• http://www.seo-theory.com/ Michael Martinez

    His concluding paragraph is naive. Matt Schruers has been writing on IPR with respect to online music infringement for years. I don’t think there is any point in questioning his knowledge of how online infringement occurs but if it were as simple as “focusing on strategic search engine optimization … so as to promote the page rank (sic) of lawful sites” a lot of other Websites would have resolved their own IPR issues that have nothing to do with illegal music downloads. He doesn’t seem to understand the scope of the search problem (which is itself only one part of the greater IPR puzzle).

  • aaronwallseo

    There are numerous issues with that research.

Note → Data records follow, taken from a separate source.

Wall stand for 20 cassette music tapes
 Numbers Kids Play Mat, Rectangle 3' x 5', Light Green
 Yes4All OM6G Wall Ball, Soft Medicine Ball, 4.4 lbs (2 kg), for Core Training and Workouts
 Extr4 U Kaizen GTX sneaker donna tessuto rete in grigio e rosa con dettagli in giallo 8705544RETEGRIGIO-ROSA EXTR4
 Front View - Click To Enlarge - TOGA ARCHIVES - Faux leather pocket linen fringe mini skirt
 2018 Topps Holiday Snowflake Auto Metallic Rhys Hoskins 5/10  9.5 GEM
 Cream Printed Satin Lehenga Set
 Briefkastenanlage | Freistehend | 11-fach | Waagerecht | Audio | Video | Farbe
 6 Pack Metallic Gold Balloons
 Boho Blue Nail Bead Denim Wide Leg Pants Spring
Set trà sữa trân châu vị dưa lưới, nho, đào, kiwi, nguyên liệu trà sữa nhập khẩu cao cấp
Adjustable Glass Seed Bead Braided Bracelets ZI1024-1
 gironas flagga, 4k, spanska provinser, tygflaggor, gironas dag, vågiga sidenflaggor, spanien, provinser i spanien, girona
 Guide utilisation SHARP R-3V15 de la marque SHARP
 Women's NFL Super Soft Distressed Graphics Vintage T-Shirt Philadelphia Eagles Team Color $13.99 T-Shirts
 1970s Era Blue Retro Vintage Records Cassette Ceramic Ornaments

The biggest being that defensive behavior is quick-cheap-easy to implement (& many ad resellers/campaign managers benefit from mixing branded ad performance in with unbranded), whereas some of the darker behaviors will take time to impact the market as the social norms get re-established around what is possible & practiced.

    One of the big issues with the “legit” sites is that if they are widely trusted they will become more abusive in terms of user behavior. YouTube itself was founded on piracy, with one of the co-founders proudly posting pirated content to it. And yet now that YouTube is widely trusted & “legit” I kept seeing unskipable 30-second pre-roll ads before content. Even if I refreshed to see a different ad, I kept seeing the same unskipable ad 4 or 5 times in a row before they finally gave me a different ad unit.

    I have also seen some sites that had copyright restrictions based on region or such where they wouldn’t let the content load, but they would use your browser & bandwidth to loop through as many ads as they could while you were there not watching any of the content.

    So long as online advertising CPMs outside of the search channel are significantly below the CPMs on TV then of course the legit sites have every incentive to screw with usability of their site to make it a bit worse, in the hopes of slowing the shift of consumer behavior away from TV to the web.

    Of course search engines have an incentive to rank pirated content (even beyond direct ad revenue from their ad networks), because the existence of pirate options is leverage they can use in order to negotiate better terms with big media companies when striking up direct relationships with them.

  • abigail_rocket_blast

    That seems contradictory – if pirate sites get very little of their traffic from search engines, how will improving SEO for lawful sites help matters? Surely if users are going to the Pirate Bay or wherever directly anyway, having Netflix appear top for a search they’re not making is irrelevant?

  • http://www.kyleeggleston.com/ Kyle Eggleston

    They are all responsible for following the law. The downloader, the host and any middle man.